*** RECORDS TO PROCESS ***
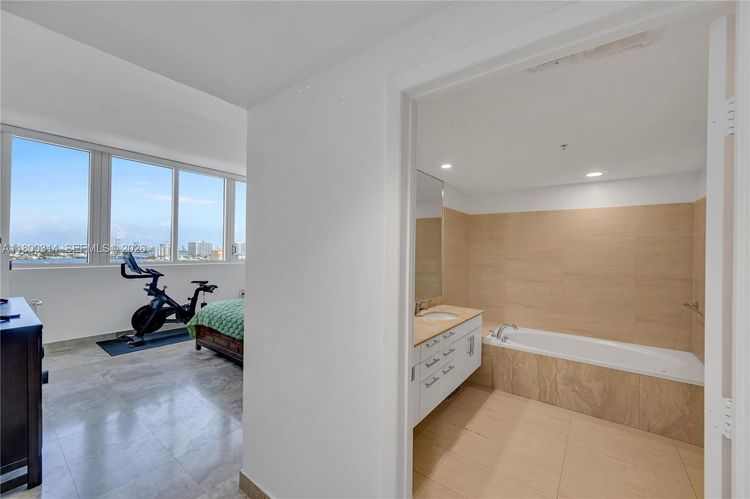 Blue Bay Tower #PH1601 image #25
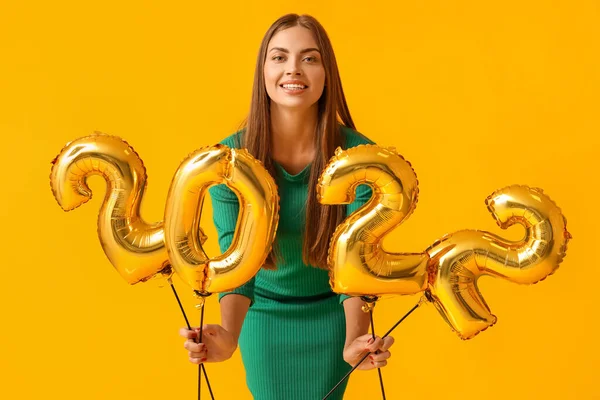 Mulher Bonita Com Balões Forma Figura 2022 Fundo Amarelo — Fotografia de Stock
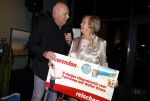 Breukelen 12 februari 2024
Ria Valk viert haar 65 jarig artiesten jubileum en krijgt een koninklijk onderscheiding van de burgemeester van de Ronde Venen.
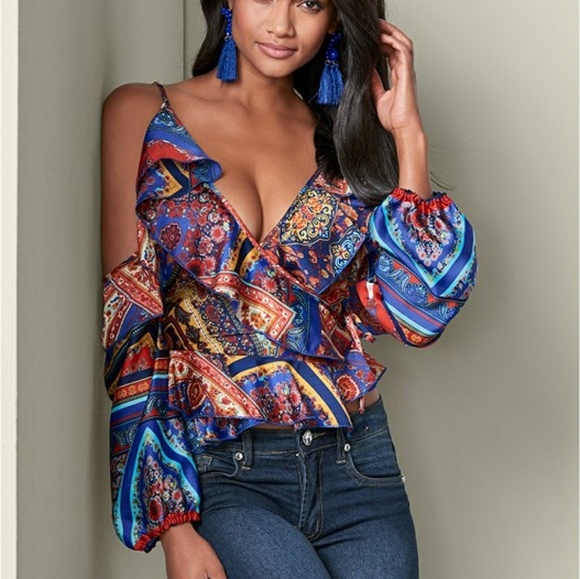 VENUS Tops - NWT Cold Shoulder Wrap Top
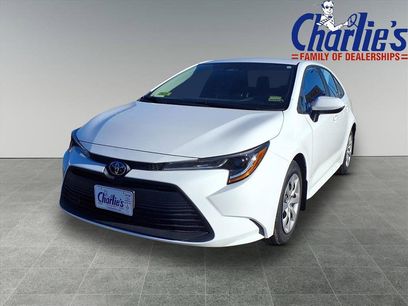 Used 2025 Toyota Corolla LE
*** End of RECORDS TO PROCESS ***
◆ WHAT IS NEEDED:
From the line containing "Mulher Bonita Com" down to the last line of the data above, transcribe exactly those lines and no others; omit the pictures.

◆ ANSWER TO THIS EXERCISE:
 Mulher Bonita Com Balões Forma Figura 2022 Fundo Amarelo — Fotografia de Stock
 Breukelen 12 februari 2024
Ria Valk viert haar 65 jarig artiesten jubileum en krijgt een koninklijk onderscheiding van de burgemeester van de Ronde Venen.
 VENUS Tops - NWT Cold Shoulder Wrap Top
 Used 2025 Toyota Corolla LE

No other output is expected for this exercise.